Brief descriptive captions
•••••

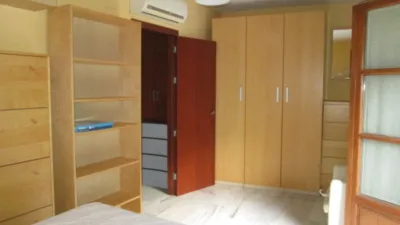Piso en alquiler en Cuesta de Pernaleros, San Ildefonso (Hospital Real) (Distrito Beiro. Granada Capital) de 650 €<span>/mes</span>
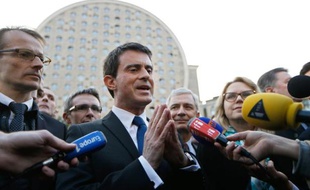 Le Premier ministre Manuel Valls en campagne pour le second tour des cantonales le 23 mars 2015 à Noisy-le-Grand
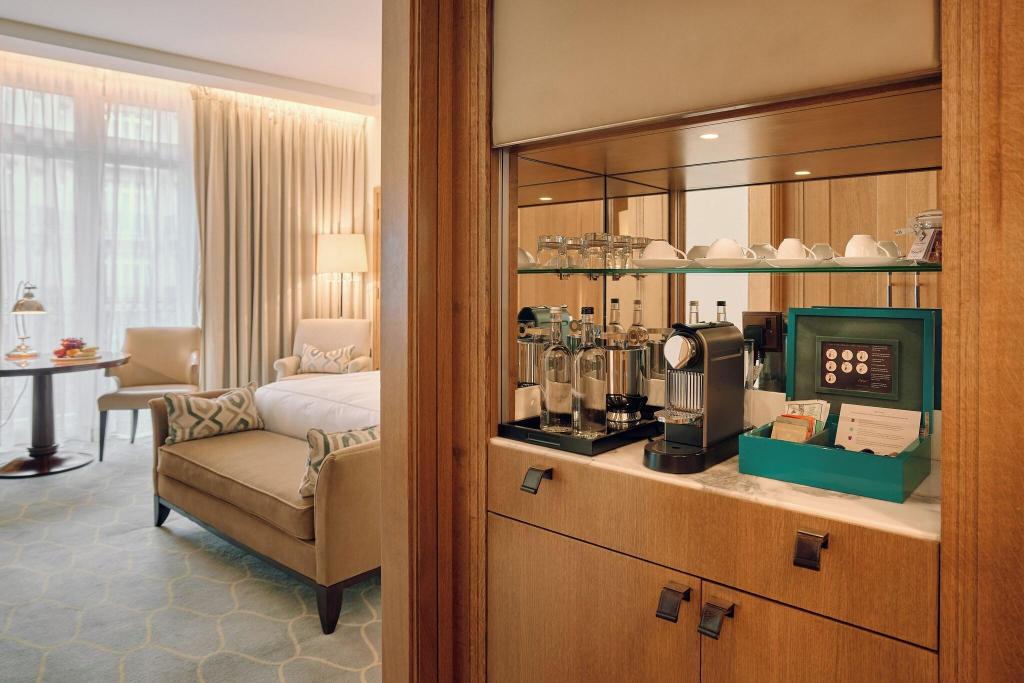 Imagem da galeria de Corinthia London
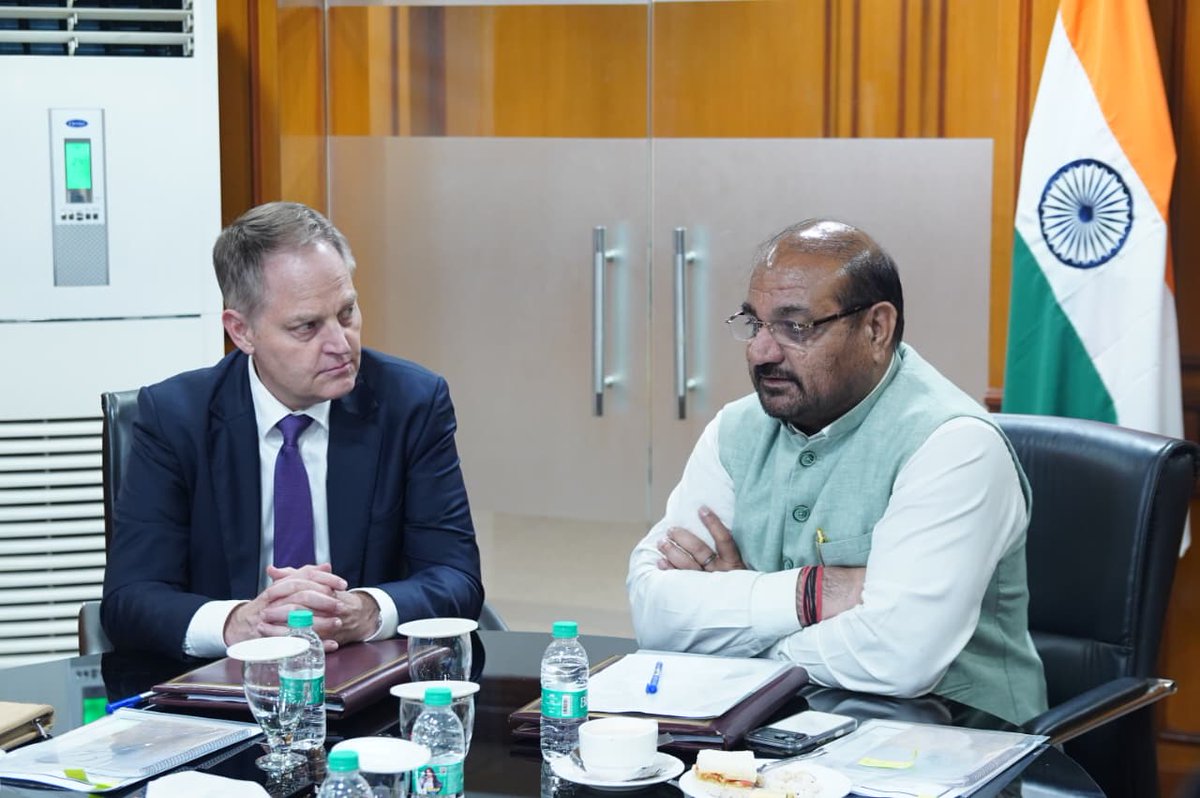 icarindia's tweet photo. ICAR &amp; International Water Management Institute (IWMI) signed a Work Plan to advance a Sustainable Water Future, focusing on water security, productivity, resilience &amp; innovation.
#ICAR @IWMI_ @ChouhanShivraj @PIB_India @AgriGoI https://t.co/fvu9QJYpsk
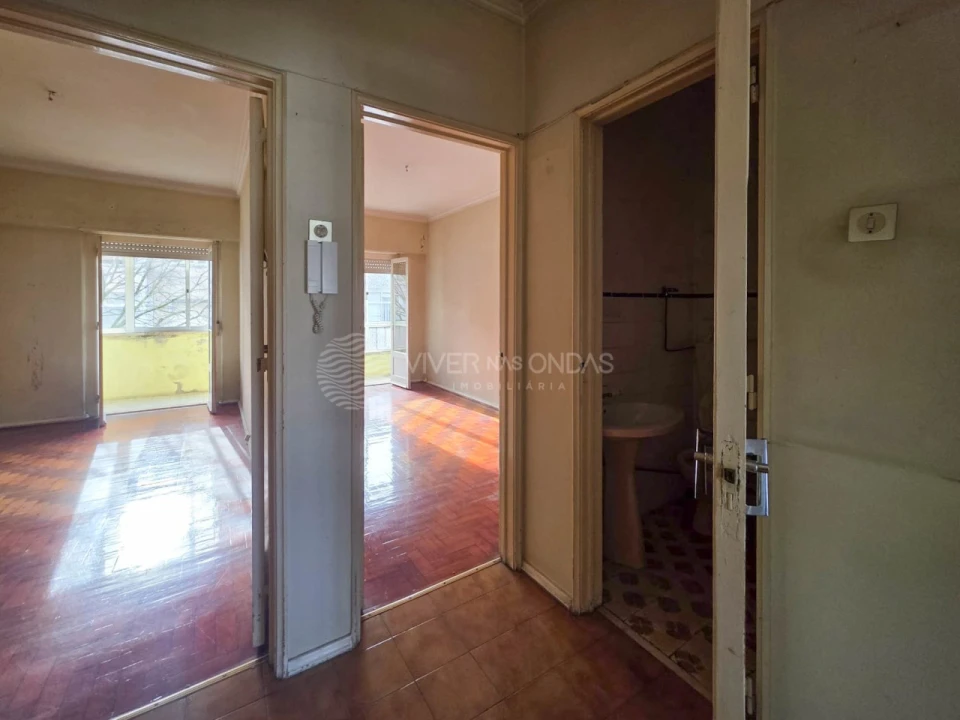 Apartamento T2 para Venda em Benfica Foto 9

•••••

WHAT IS EXPECTED:
Quote every line of the records above exactly; no picture is to be copied.

SOLVED PROBLEM:
Piso en alquiler en Cuesta de Pernaleros, San Ildefonso (Hospital Real) (Distrito Beiro. Granada Capital) de 650 €<span>/mes</span>
 Le Premier ministre Manuel Valls en campagne pour le second tour des cantonales le 23 mars 2015 à Noisy-le-Grand
 Imagem da galeria de Corinthia London
 icarindia's tweet photo. ICAR &amp; International Water Management Institute (IWMI) signed a Work Plan to advance a Sustainable Water Future, focusing on water security, productivity, resilience &amp; innovation.
#ICAR @IWMI_ @ChouhanShivraj @PIB_India @AgriGoI https://t.co/fvu9QJYpsk
 Apartamento T2 para Venda em Benfica Foto 9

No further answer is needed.